I am hard placed to understand the hissy fit Indians are having over the US airport pat down of ambassador Meera Shankar or the one now on another diplomat Hardeep Singh for being asked to show his turban.  What part of the American message have we not understood since 9/11? I love the way a billion people go up in arms over abs nothing.

In any case, diplomats are just people who just represent their countries and enjoy living off their taxpayer at the highest end of the food chain with globs of luxury and great freedoms, huge concessions, great manpower, lovely homes and chunks of hubris.  They are not, any way you look at it, equated to the country’s honour or standing and, frankly, it is a conceit to make that assumption. All they are is career officers on salary. I don’t feel insulted at all that my ambassador in a country was patted down. They should all be patted down. Diplomats, like me, are also just Indian citizens and should be frisked, scanned, fingerprinted, Iris tested, photographed and quizzed like anyone of us at any airport. What gives them any right to jump the queue? What's the flipping hurry, anyway? Will that all-important meeting reinvent the wheel or make an Indian citizen's life abroad any better? Not a bloody chance. Ironically, and with no reflection on Meera, diplomats have created this little club of exclusivity and are allowed these incredible privileges in breaking any host nation’s laws, including DUI and killing people, misusing the diplomatic pouch for criminal activity, transporting narcotics, and in the final analysis, producing very little result. Their locally bound IAS brethren take collective arrogance to a whole new level and which one of us has not seen a petty pompous bureaucrat escorted by half a dozen minions being taken out in procession from Customs and Immigration with nine suitcases while some poor labourer from the Gulf is getting dicked for a rolled up mattress. There goes democracy at its babu best.

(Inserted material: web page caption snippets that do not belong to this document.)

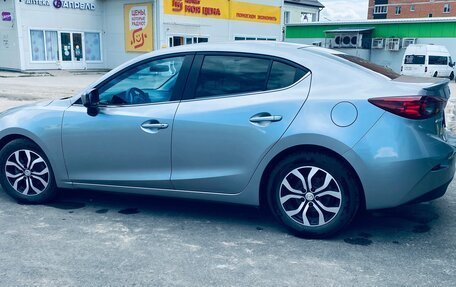 Mazda 3, 2015 год, 1 600 000 рублей, 2 фотография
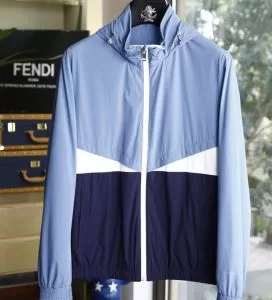 ファッショニスタを中心に新品が非常に人気 フェンディ FENDI 2020春新作 フード付きコート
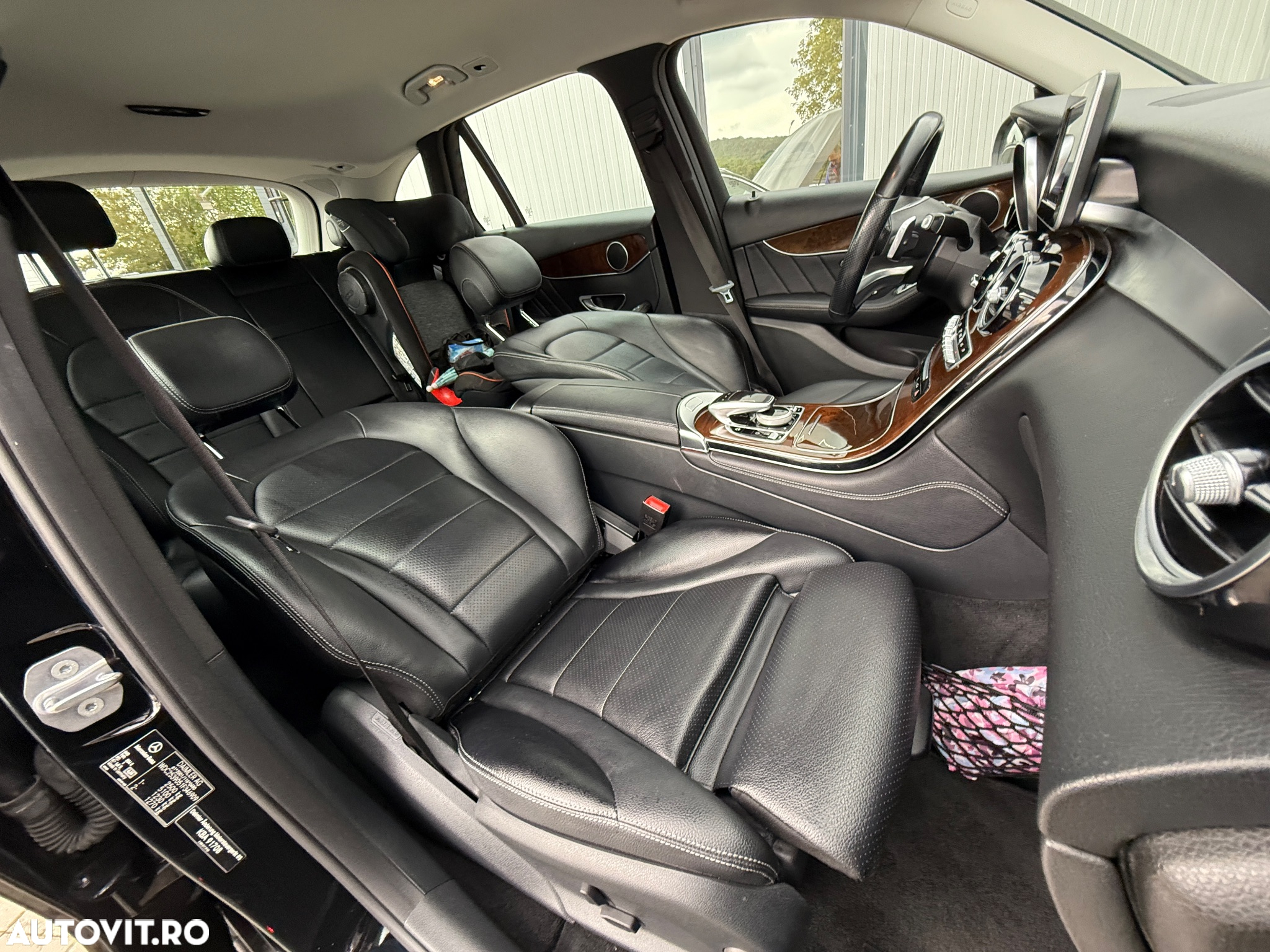 Mercedes-Benz GLC 220 d 4MATIC - 28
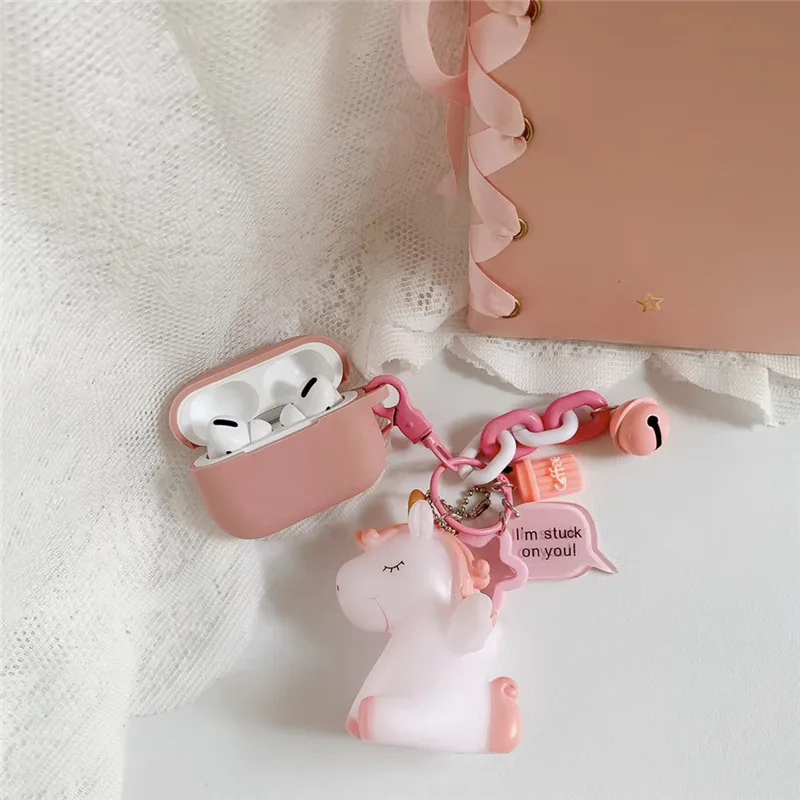 Чехол для AirPods мультяшный с брелоком аксессуары Единорог силиконовый чехол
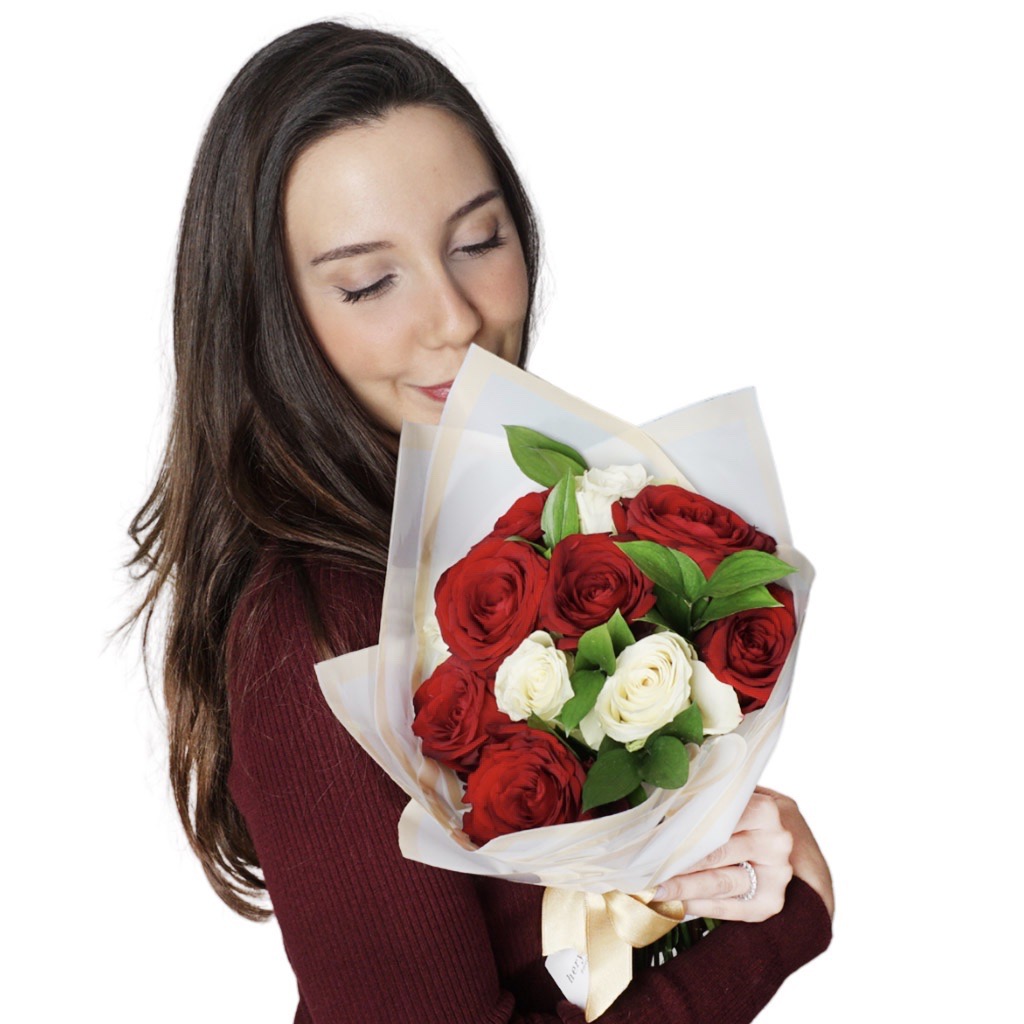 kızın elinde kırmızı beyaz güller buketi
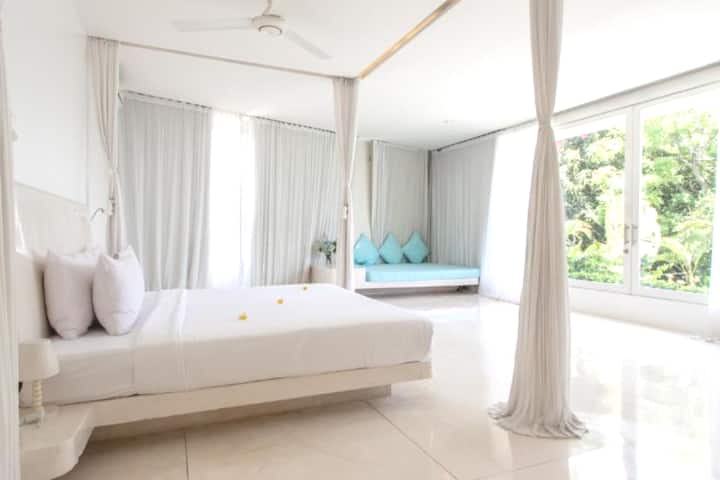 Veliki bračni krevet (širine 180 - 200 cm)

Put this in perspective, people. She just had a pat down. She wasn’t shackled and dispatched to Guantanamo Bay. We all get patted down. In the deep south, in Mississippi where they sold human beings a few years ago, coloured people are suspect, period. It comes with the territory. I don’t condone it, I just don’t think it is worth the indignation. We have enough prejudice at home not to fling outrage at others. And all the folks who work at the Jackson airport, bless them, are not three digit IQ holders with Ivy League degrees, they come from the hicks and the boonies and they don’t know one Asian from another. We are just a brown clump in funny clothes. They will be rough and rude and arbitrary - no different from half the folks behind Indian airport counters who treat you like something under a shoe when you think, aaah, home at last. And that is if you are an Indian.

Come and see how they treat workers returning home. Dude, give me a pat down any time to that grievous insult.

Frankly, all diplomats should stand in line. They are not that important, they are too many of them and they don’t even pay parking tickets. It is only good for general safety to bring them in line with the common man.  No one has ever explained why they should be exempt or given this VIP category.

Seeing as how this occurred two weeks ago and Meera Shankar herself did not bother to make an issue of it, why are we being so holier than thou.

There are much bigger things than this trivia to worry about.

Like when did a democracy last have a whole session of the House and conduct no business?

Like what happened to Kasab the killer and how long is this terrorist going to feed off the trough?

And is the Indian army’s senior echelon turning corrupt?

Do our fighter aircraft fly adequately or are our skies vulnerable?

How do we pay the bills and fight inflation as prices soar?

Is China going to give us a hard time?

What are we doing about terrorism?

Stuff like that. Till then, let the pat down continue.